Getting debt advice can sometime feel confusing with so many different companies, charities and debt solutions available to you.
It’s often hard to know which way to turn when you need advice about financial problems but there are some things to consider first.
Debt Advice Organisation
There are two types of debt advice organisations available which can help resolve your debt problems, for-profit and charity.
For-Profit Debt Advice
Although the advice is probably going to be free, a for profit debt advice organisation may charge you for certain debt solutions.
Debt management plans are usually a good example of the difference between a for profit and charity debt advice organisation.
A for-profit company will charge a monthly fee to manage your debt management plan, which reduces the amount going back to creditors each month.
Charity Debt Advice
Debt advice and the solutions to get you out of debt should not be charged by a charity debt advice organisation. The only exception is when there isn’t a free option available, such as the fees charged in a protected trust deed or IVA.
While a debt management plan is offered by some charities and companies for free, an IVA and trust deed needs an insolvency practitioner to manage the case. The fees from the insolvency practitioner are unavoidable but the charity shouldn’t ever charge you directly for their service.
There are different debt solutions available to people depending on where they live in the United Kingdom. Location could be the difference between repaying debt and entering bankruptcy. You should seek for mortgage advice too before entering a debt solution.
England, Wales & Northern Ireland
Debt Management Plan
If you are able to repay the debt within a reasonable period of time, usually 6/7 years, a debt management plan may be the best option.

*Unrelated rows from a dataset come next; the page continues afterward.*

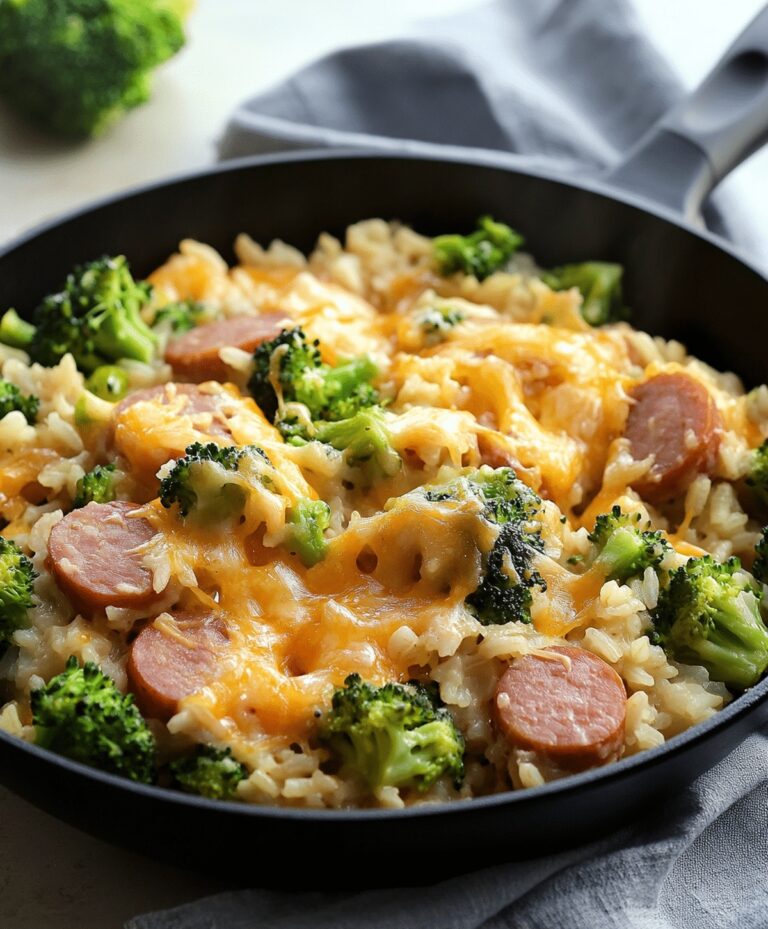Quick Cheesy Kielbasa Rice And Broccoli Skillet Recipe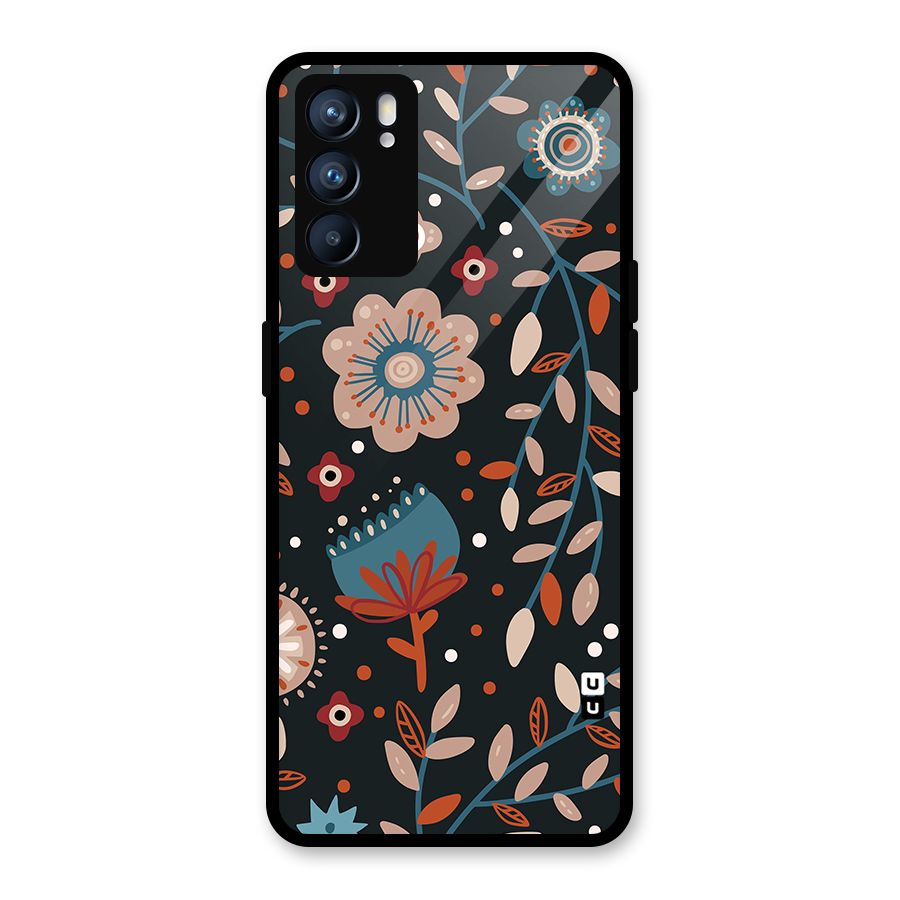 Nordic Arts Flowery Space Glass Back Case for Oppo Reno6 5G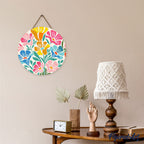 Diamond Painting Sur Disque En Bois - Motif Floral Coloré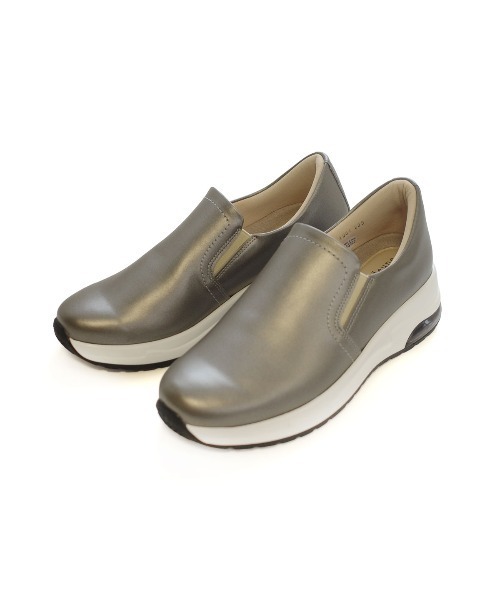 Pointer(shoes)(ポインター)の「【日本製・本革】4.5cmヒール スリッポンシューズ(スリッポン・レディース・グレー系その他/ブラック/ネイビー/ホワイト/グレイッシュベージュ・24.5cm/23cm/22.5cm/23.5cm/24cm)」の3枚目の写真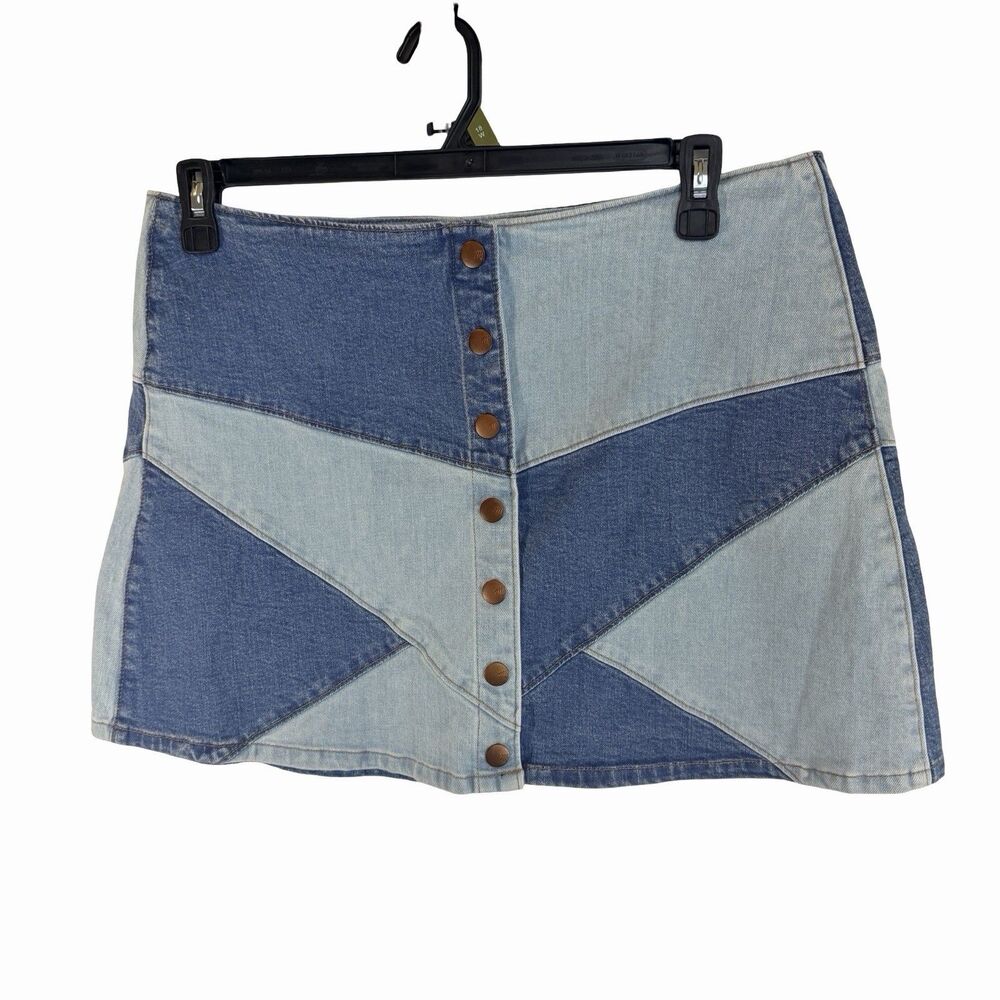 Madewell Denim Patchwork Skirt Women's Size 32 Mini Hippie 70s Groovy Festival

You can either contact your creditors yourself or have a debt advice organisation do it on your behalf and set an agreement to repay the debt over set period of time.
It’s an informal debt solution which means it can be changed by either you or your creditors without any notice. Interest and charges may not be frozen which could extend the plan further than originally agreed.
An individual voluntary arrangement (IVA) is a formal debt solution which guarantees to freeze your interest and charges.
You will pay an affordable amount towards your debt for 5 years and any debt remaining will be written off.
It means you can avoid entering bankruptcy but it is still an insolvency solution which has a negative impact on your credit rating.
You also need to take assets and equity from your property into consideration before entering an IVA because it make the solution unsuitable.
When all other options and debt solutions have been explored and aren’t suitable bankruptcy may be necessary.
Debt Arrangement Scheme
Similar to a debt management plan except it’s a formal solutions which guarantee to freeze interest and charges.
This means once the solution begins creditors can’t take further action unless you fail to keep up the agreed payments.
Protected Trust Deed
A trust deed is another formal debt solution and it’s also a form of insolvency because you won’t repay the full debt.
You will make an affordable contribution each month towards your debt for 4 years at the end of which the remaining debt will be written off.
When no other debt solutions are suitable or the debt becomes too much to deal with sequestration will often be the option remaining.
There are a few different routes to enter sequestration, such as LILA, creditor application and certificate of sequestration.